There will be significant overhauls of global supply chains, global trade, and how we live, work, and play, and missing these monumental moves will be disastrous for asset managers.

In 2022, as the financial industry faces the challenges of evolving disruptive forces it has become clear that a paradigm shift in risk management. This change must mitigate the risks to organisations to allow businesses to take the acceptable risks to achieve strategic and tactical goals.

Besides being proficient in traditional risk management, the role of risk managers has changed and in today’s reality must take on a more top-down and strategic view of the world and industry to understand the transformational changes that are taking place.

The regulatory clampdown in China is an excellent example as it took so many investors, even local ones, off guard.

If we look at the following chart, the traditional figures such as revenue and operating profit will paint a very healthy picture of the Chinese company Alibaba.

However, despite growing revenue by 13x over seven years, it took less than two years for Alibaba’s share price to fall from a peak to a price even lower than the IPO price.

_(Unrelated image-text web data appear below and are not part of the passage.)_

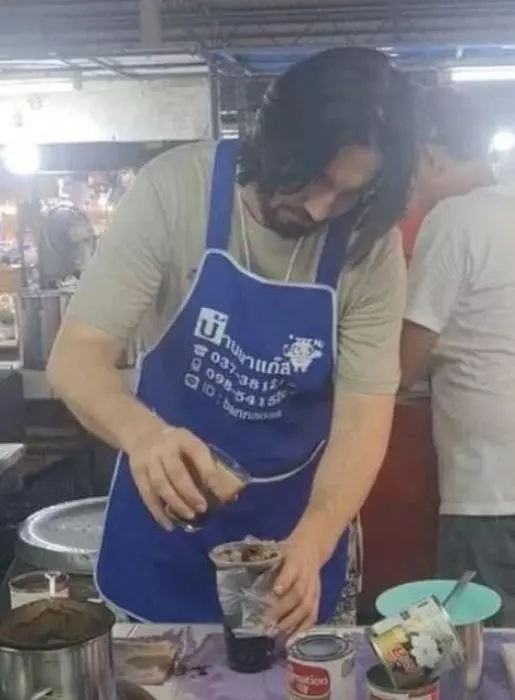 keanu-reeves-sosie-thailanda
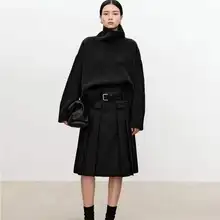 高級感あるハイネックニットセーター【厚手・ルーズフィット・ウール混・秋冬用】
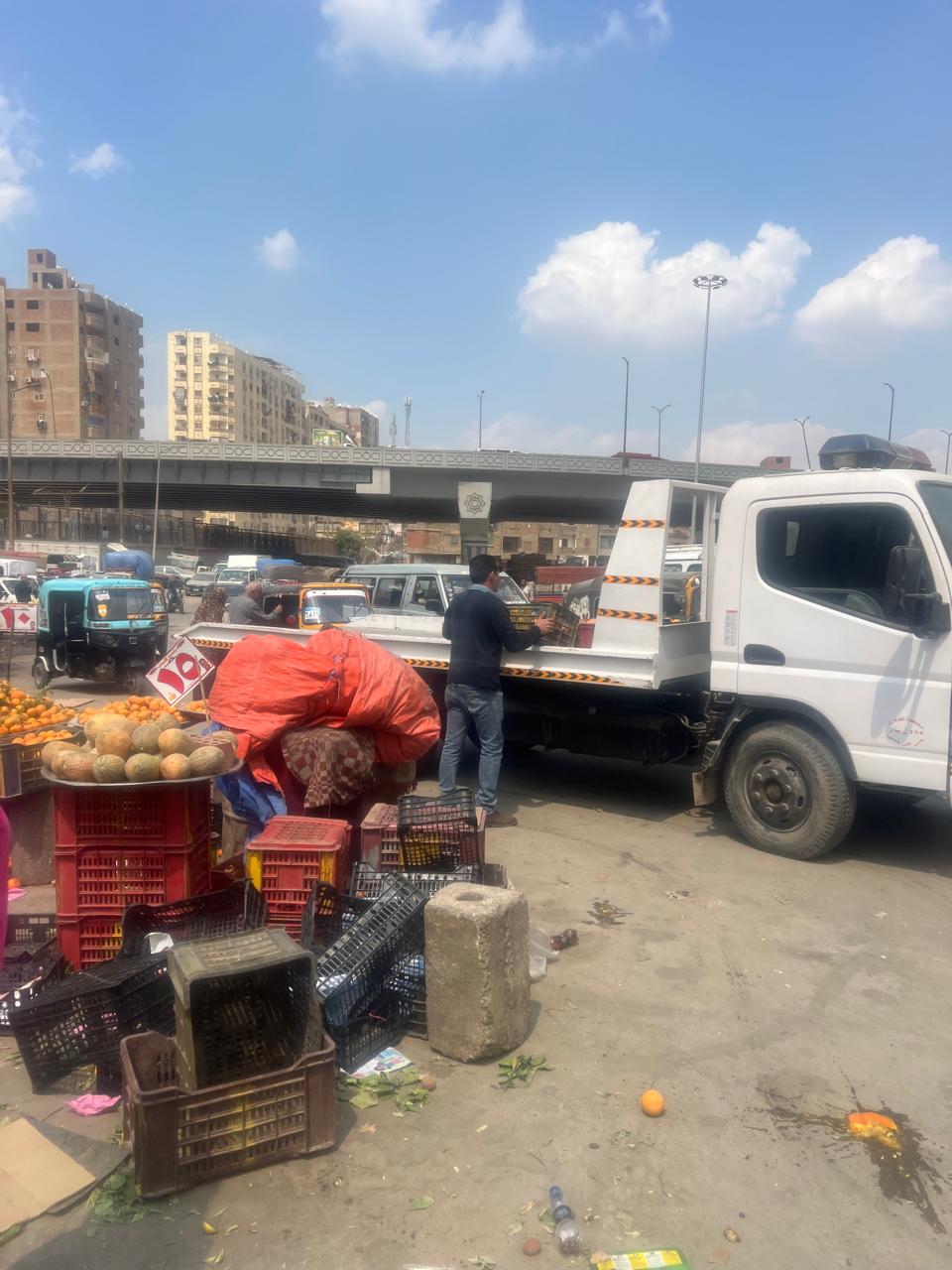 حي عين شمس ينفذ حملات لإخلاء الشوارع من الباعة الجائلين| صور 11 1775589489 897 حي عين شمس ينفذ حملات لإخلاء الشوارع من الباعة الجائلين
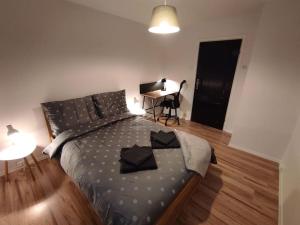 sypialnia z łóżkiem i biurkiem w obiekcie Alicante Apartament - 48m² ✓ w Rybniku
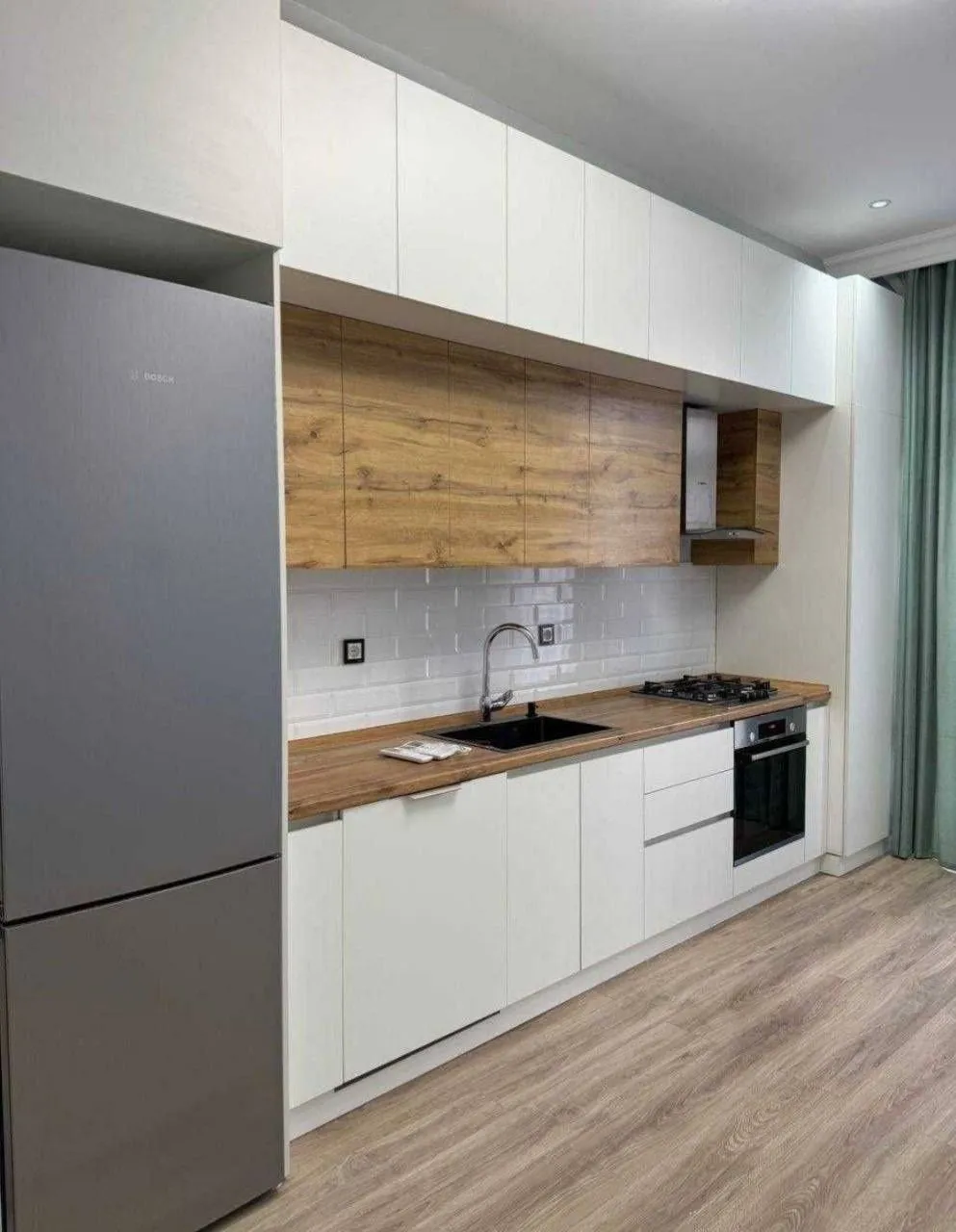 138 м², 4-комн. квартира, 1/10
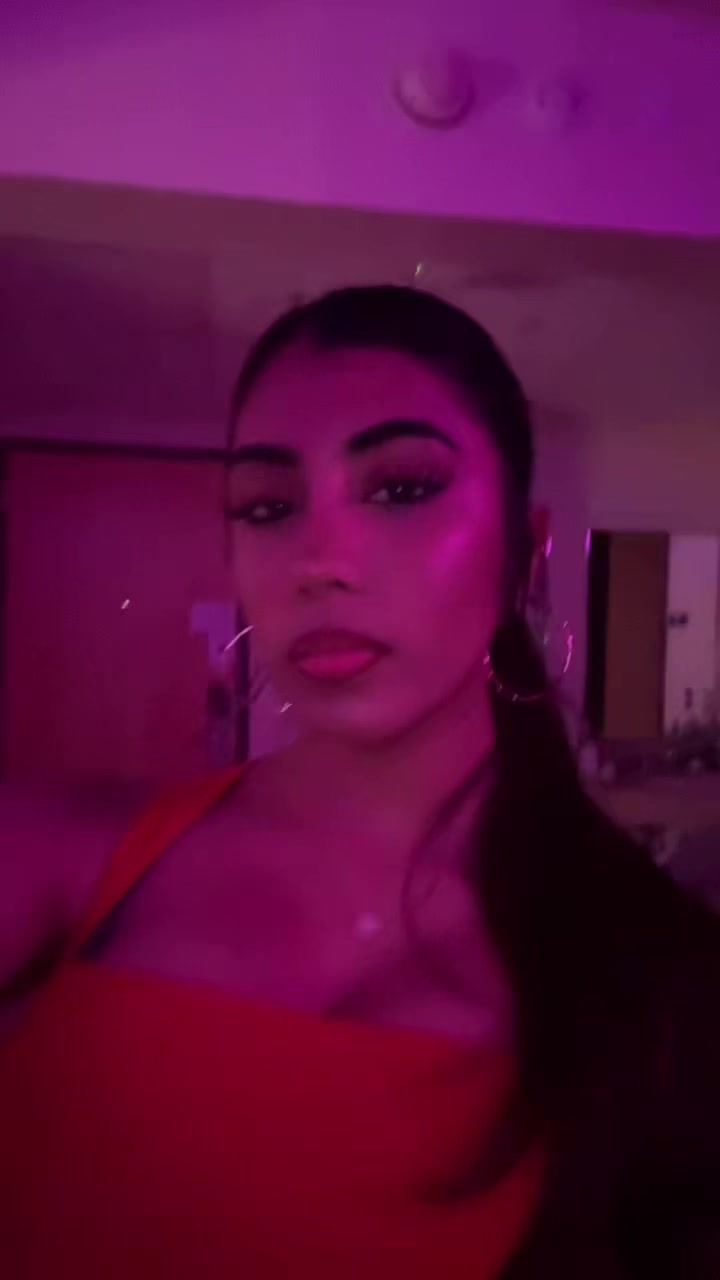 @d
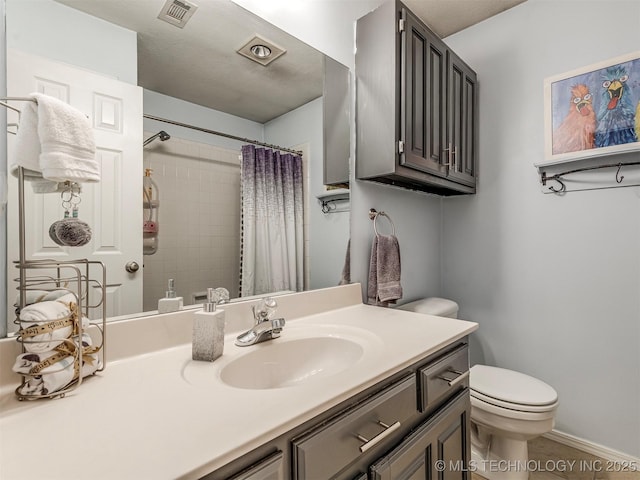 bathroom with baseboards, visible vents, toilet, curtained shower, and vanity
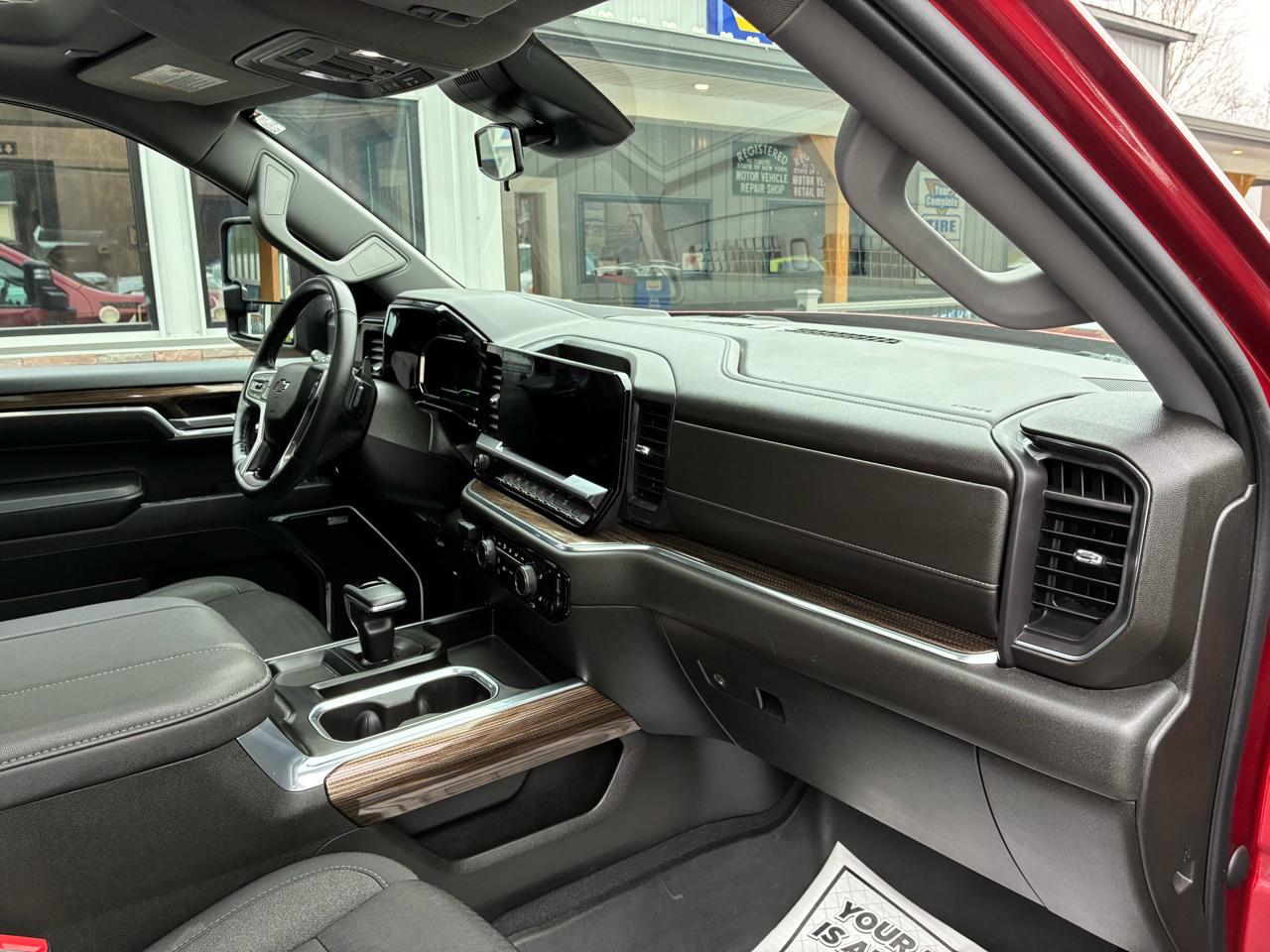 Chevrolet Silverado 1500 RST Crew Cab 4WD 2023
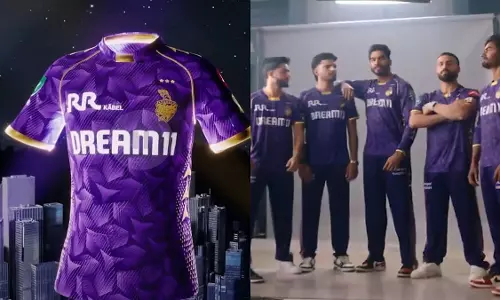 IPL 2025 से पहले केकेआर ने जारी की तीन स्टार वाली जर्सी, VIDEO IPL 2025 से पहले केकेआर ने जारी की तीन स्टार वाली जर्सी, VIDEO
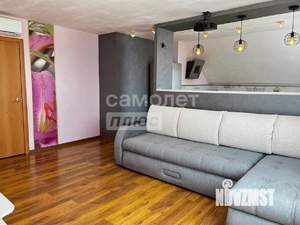 Дом 234м², 3-этажный, участок 15 сот.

The next risk that asset managers must confront is inflation. There has been great uncertainty around how to deal with it, as the last time we had such hot inflation readings was more than 40 years ago.

A key concern is the skyrocketing oil price, as energy feeds into every element of human activity.

With global central banks now taking on a more restrictive monetary policy, there are many new risks that we have to contend with. For instance, there has been a profound effect on asset valuation.

Most asset managers also have not experienced a stagflationary environment.

Further, although central banks can impact demand, they cannot fix the supply-side issues such as energy under-investment and deglobalization which are key drivers of inflation.

Thirdly, ESG has evolved from a mere concept to a regulatory requirement that touches almost everything we do.

For asset managers, sustainability factors must be integrated into both the investment frameworks and risk management frameworks.

Thriving in the post-pandemic paradigm

The last two years of lockdowns and working-from-home have taught us that with the power of technological tools today, we can afford to adopt a hybrid working model that promises to raise productivity and improve the resilience of the business model.

Going further, asset managers should begin the digital transformation journey as early as possible and raise productivity without needing to increase staffing costs.

A digital infrastructure also connects teams and databases more intimately, allowing risk managers to keep a close eye on the pulse of the company. Asset managers can also build digital capabilities that provide customers with a seamless and customised experience.

Next, asset managers must look deep and craft creative solutions for clients to mitigate the impacts of inflation.

Beyond adjusting the asset mix to include natural inflation hedges such as real estate, commodities, and gold, asset managers can go deep and identify companies or sectors that are well protected against the scourge of inflation.

To navigate this new paradigm, risk managers must also examine every financial dogma, model, and portfolio management process to see if they are still applicable today.

Finally, with global ESG assets expected to surpass US$50 trillion by 2025, or one-third of projected total assets under management globally, asset managers must integrate ESG principles into every part of the investment process and company operations, beyond just using ESG as an exclusion checklist.

Consistent and refined methods of measuring ESG impact will also be needed to track progress better and avoid accusations of greenwashing.


The term VUCA – volatility, uncertainty, complexity and ambiguity – has never been more relevant today. If we may say, asset managers have had it easy in the past decade with low inflation and low interest rates.

Today, both inflation and interest rates are expected to remain high, while ESG requirements are only going to be more stringent. As such, asset management companies must start confronting these challenges before it is too late.